Potato Treasure Hunt!
Roasting and eating your potato harvest and preparing the summer garden
June marks the transition from spring to summer, which comes rapidly and with force in the Sacramento Valley. Temperatures jump from the seventies to three digits, seemingly overnight.
Each year at Peregrine School we grow seed potatoes in “bags” in February so that they can be harvested just before school closes in June. Our final garden class for all grades is “the great potato roast”, in which we dig up, wash, cut, season, and roast potatoes in foil on hot coals. Roasted with butter and salt, the freshly dug potatoes are delicious!

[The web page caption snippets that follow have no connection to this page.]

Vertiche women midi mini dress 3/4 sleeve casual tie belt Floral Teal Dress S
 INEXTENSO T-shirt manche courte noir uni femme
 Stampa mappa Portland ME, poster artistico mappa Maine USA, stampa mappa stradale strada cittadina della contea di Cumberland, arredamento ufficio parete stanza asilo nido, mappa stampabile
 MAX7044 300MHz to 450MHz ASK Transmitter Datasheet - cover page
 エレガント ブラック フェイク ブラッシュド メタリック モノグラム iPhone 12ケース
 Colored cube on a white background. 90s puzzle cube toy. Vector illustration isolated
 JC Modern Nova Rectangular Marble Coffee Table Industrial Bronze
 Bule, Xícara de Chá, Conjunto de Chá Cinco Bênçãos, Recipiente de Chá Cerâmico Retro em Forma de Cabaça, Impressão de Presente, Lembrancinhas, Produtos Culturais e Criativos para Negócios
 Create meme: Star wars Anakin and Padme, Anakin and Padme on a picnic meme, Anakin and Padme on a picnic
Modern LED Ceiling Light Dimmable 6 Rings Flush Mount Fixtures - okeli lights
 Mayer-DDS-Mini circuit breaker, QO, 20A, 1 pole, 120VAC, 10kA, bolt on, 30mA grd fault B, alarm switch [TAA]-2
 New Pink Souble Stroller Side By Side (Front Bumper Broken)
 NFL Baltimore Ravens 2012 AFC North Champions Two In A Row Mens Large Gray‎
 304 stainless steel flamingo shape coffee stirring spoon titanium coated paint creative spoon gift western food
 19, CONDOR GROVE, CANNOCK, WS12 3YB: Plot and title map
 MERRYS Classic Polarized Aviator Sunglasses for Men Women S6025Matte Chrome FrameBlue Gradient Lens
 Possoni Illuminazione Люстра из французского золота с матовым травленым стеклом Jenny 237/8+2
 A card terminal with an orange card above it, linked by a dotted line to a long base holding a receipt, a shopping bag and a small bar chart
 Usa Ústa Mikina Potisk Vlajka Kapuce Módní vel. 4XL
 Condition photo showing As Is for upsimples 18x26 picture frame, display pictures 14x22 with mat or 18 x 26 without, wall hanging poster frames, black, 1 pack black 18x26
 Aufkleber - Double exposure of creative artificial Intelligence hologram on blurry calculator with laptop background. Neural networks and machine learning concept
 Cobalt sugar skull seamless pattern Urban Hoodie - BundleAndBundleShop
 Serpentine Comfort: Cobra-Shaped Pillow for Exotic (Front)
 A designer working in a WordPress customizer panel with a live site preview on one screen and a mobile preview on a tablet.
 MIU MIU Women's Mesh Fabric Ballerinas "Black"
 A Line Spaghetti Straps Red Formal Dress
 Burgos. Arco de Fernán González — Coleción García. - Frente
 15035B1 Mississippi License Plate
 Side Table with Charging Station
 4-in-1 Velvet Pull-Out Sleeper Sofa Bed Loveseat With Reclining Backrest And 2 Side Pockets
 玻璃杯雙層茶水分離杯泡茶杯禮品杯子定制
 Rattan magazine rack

To harvest potatoes, kids overturn the potato bags on the ground and hunt through the dirt to see what has grown.
Digging for potatoes is like a treasure hunt! The potato bags make it easy to find them all, but potatoes can of course be planted in the ground as well.
Once they are dug and washed, we cut them up and place them in a double foil wrap with butter and salt. Cut into one inch chunks, they cook on the fire in less than one half hour, then can be unwrapped on a plate and devoured.
The digging of potatoes marks the end of the winter garden. The summer garden should be already planted, but can be filled in with last minute plants. One of our summer favorites is a Three Sisters Garden plot, which follows a Native American legend about three sisters: corn, beans and squash. These plants are called “sisters” because they help each other to grow.